TASK PROMPT:
Below are the entries. Transcribe exactly the lines from the one with "Icon of a lion" through the one with "Spiral Notebook Journal", ends included, and leave out all others.

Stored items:

+++++

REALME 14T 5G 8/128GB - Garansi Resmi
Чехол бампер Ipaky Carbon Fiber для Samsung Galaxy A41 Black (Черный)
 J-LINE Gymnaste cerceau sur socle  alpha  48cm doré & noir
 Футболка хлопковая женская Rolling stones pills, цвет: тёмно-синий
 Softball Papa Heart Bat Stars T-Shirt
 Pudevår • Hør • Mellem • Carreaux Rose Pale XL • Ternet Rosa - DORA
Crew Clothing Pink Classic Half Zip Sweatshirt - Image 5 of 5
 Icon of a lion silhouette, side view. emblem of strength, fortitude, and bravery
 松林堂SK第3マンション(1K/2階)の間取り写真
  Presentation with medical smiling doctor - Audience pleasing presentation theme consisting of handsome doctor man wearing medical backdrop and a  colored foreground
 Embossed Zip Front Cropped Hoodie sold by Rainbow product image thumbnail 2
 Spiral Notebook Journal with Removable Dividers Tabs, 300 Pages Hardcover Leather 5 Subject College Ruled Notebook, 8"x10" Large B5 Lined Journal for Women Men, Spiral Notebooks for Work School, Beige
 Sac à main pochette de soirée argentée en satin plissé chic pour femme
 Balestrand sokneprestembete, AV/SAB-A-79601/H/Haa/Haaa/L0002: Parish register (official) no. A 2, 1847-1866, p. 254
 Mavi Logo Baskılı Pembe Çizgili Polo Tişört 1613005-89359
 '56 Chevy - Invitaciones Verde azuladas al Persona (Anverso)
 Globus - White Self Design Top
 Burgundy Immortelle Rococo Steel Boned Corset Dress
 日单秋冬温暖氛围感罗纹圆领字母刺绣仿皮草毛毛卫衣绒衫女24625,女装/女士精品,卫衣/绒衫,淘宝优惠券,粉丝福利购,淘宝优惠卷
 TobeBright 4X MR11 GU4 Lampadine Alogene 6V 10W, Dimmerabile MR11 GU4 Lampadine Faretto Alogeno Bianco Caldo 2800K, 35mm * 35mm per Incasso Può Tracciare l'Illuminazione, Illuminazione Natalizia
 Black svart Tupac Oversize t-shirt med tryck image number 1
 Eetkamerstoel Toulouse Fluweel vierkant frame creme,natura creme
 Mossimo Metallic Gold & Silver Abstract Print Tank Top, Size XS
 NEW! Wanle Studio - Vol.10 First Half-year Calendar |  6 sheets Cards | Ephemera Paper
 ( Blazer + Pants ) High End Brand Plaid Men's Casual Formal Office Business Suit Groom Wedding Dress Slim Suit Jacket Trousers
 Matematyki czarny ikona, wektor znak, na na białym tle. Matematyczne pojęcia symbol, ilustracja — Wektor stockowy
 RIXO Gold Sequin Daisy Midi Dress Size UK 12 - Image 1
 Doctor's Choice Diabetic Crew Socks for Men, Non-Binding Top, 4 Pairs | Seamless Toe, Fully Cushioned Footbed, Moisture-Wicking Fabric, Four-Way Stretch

+++++

ANSWER TO THE PROBLEM:
 Icon of a lion silhouette, side view. emblem of strength, fortitude, and bravery
 松林堂SK第3マンション(1K/2階)の間取り写真
  Presentation with medical smiling doctor - Audience pleasing presentation theme consisting of handsome doctor man wearing medical backdrop and a  colored foreground
 Embossed Zip Front Cropped Hoodie sold by Rainbow product image thumbnail 2
 Spiral Notebook Journal with Removable Dividers Tabs, 300 Pages Hardcover Leather 5 Subject College Ruled Notebook, 8"x10" Large B5 Lined Journal for Women Men, Spiral Notebooks for Work School, Beige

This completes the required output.